[Exercise]
Return exactly, please, the line that contains "Images Somerset Hills" and every line after it through the end of the material that follows, leaving pictures aside.

[The data]
::::
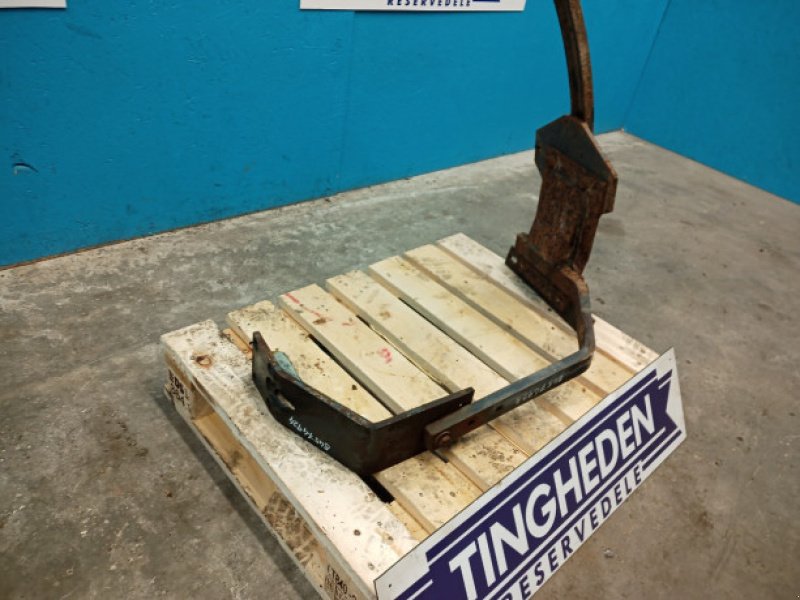 Sonstiges Baggerzubehör typu New Holland LB115B, Gebrauchtmaschine v Hemmet (Obrázek 2)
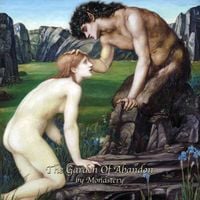 Monastery - The Garden Of Abandon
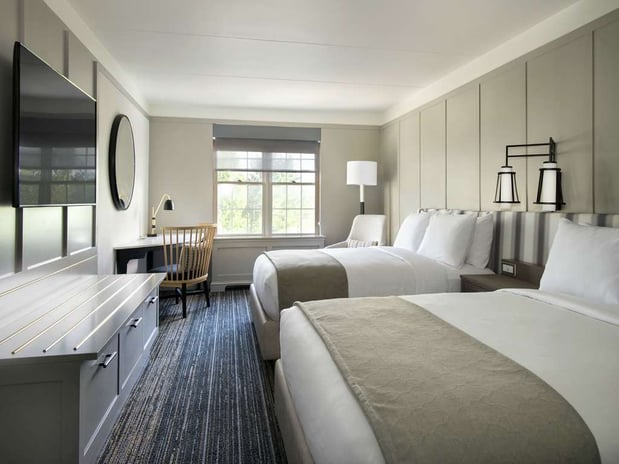 Images Somerset Hills Hotel, Tapestry Collection by Hilton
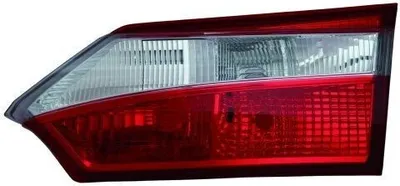 Produktbild von ABAKUS Rückleuchte Heckleuchte Rechts für TOYOTA Corolla Limousine (E18, ZRE1)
::::
[Answer to this problem]
 Images Somerset Hills Hotel, Tapestry Collection by Hilton
 Produktbild von ABAKUS Rückleuchte Heckleuchte Rechts für TOYOTA Corolla Limousine (E18, ZRE1)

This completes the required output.